* Problem details: Copy the data that follows exactly. Include no pictures.

* Collected data:
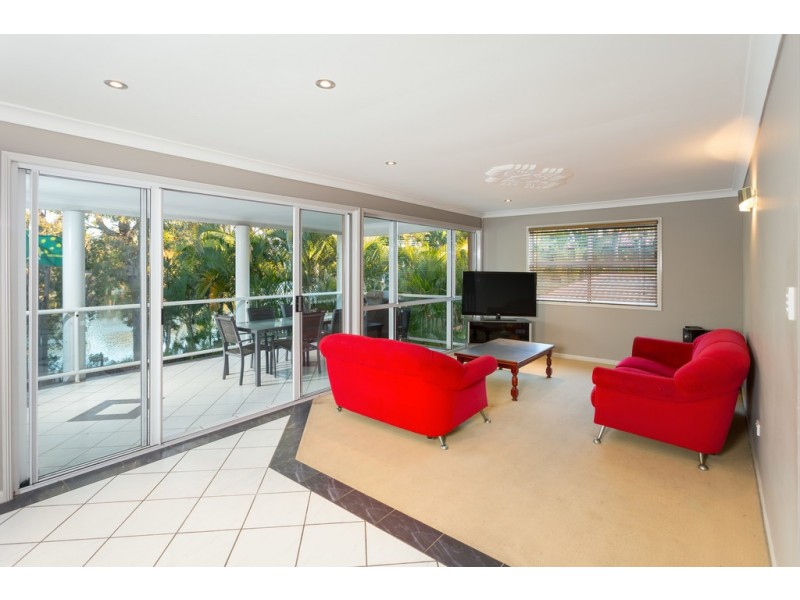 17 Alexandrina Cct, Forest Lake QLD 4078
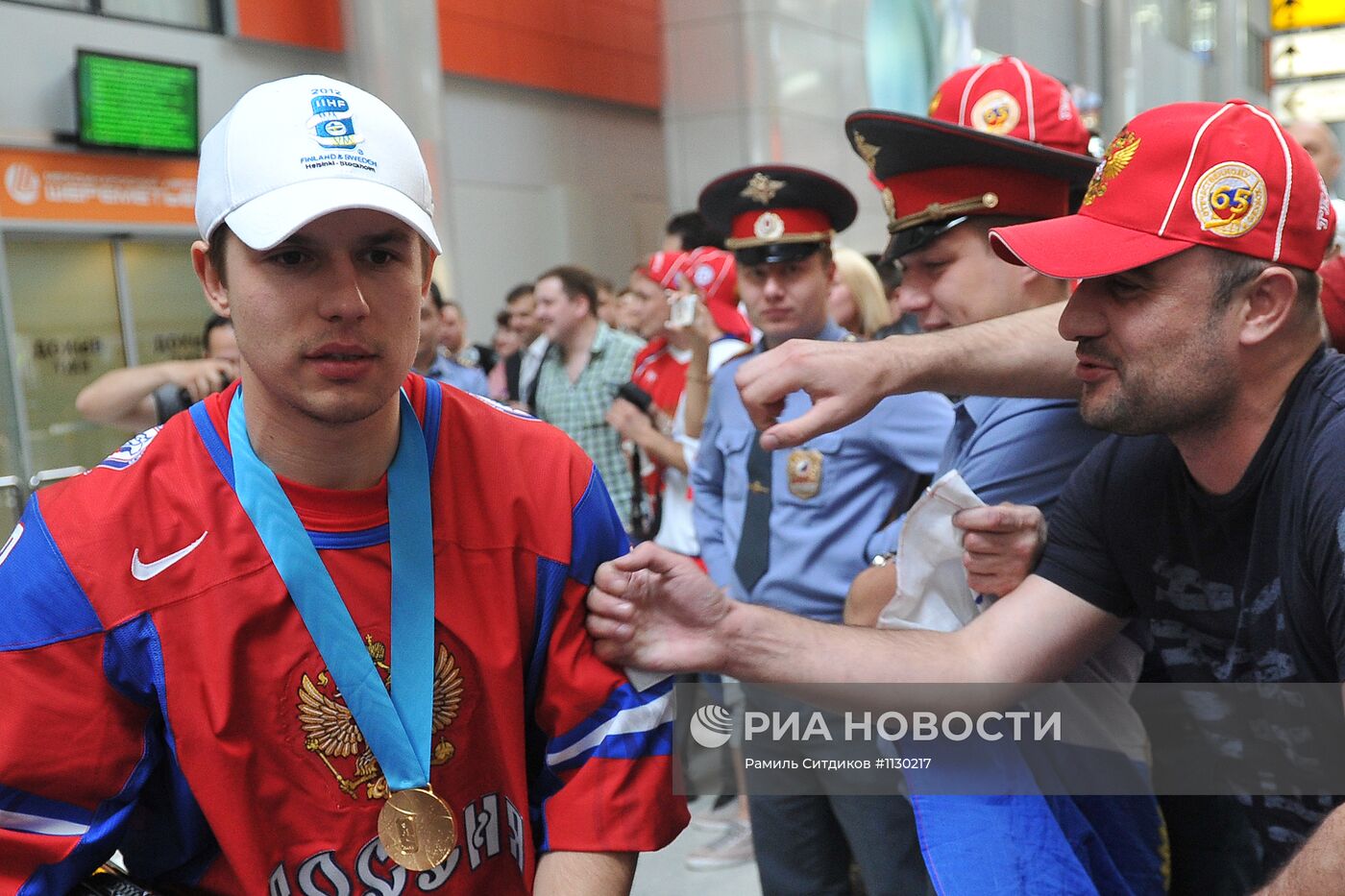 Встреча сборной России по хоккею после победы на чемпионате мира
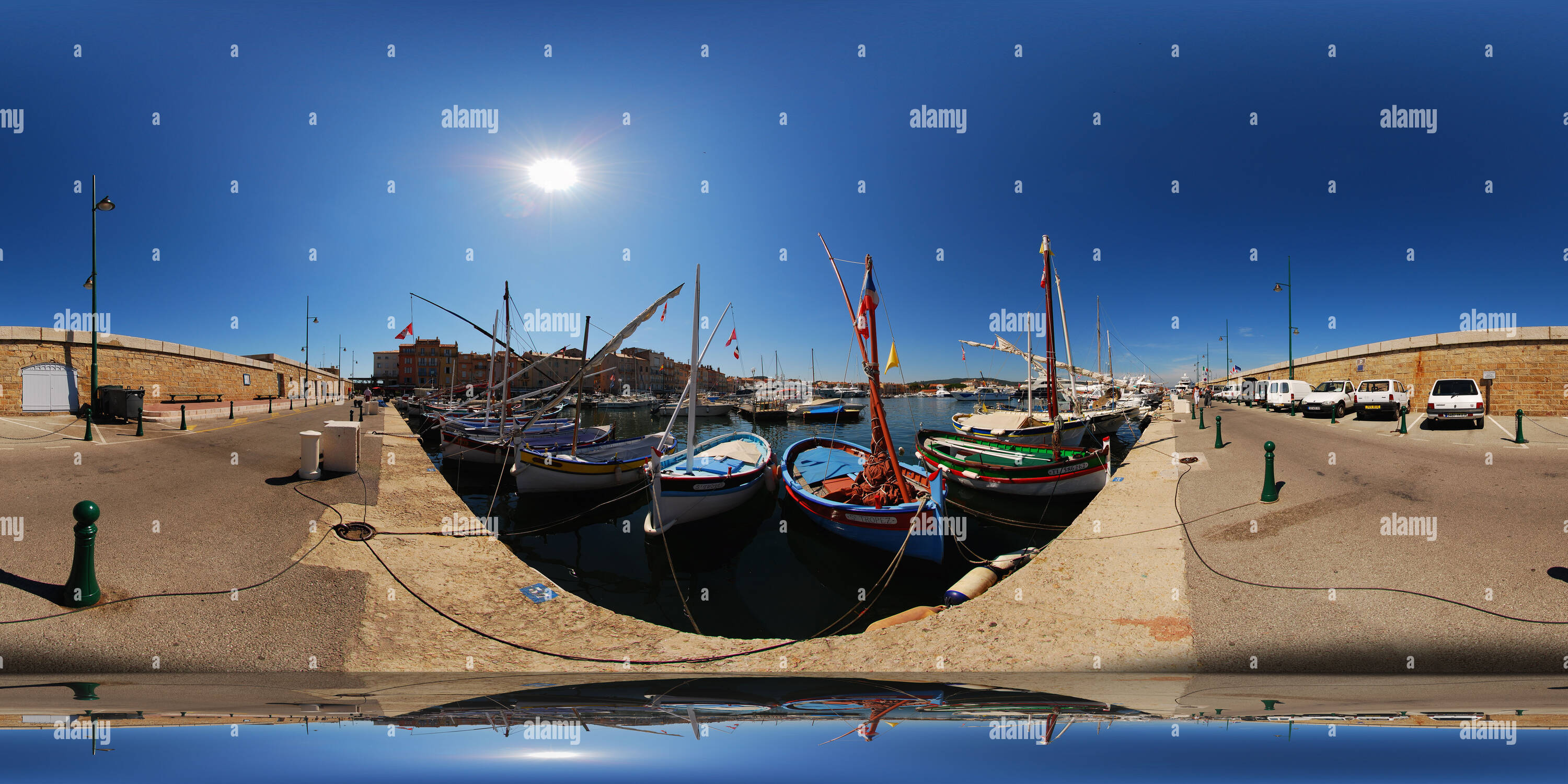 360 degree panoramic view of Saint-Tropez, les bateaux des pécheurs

* Task result:
 17 Alexandrina Cct, Forest Lake QLD 4078
 Встреча сборной России по хоккею после победы на чемпионате мира
 360 degree panoramic view of Saint-Tropez, les bateaux des pécheurs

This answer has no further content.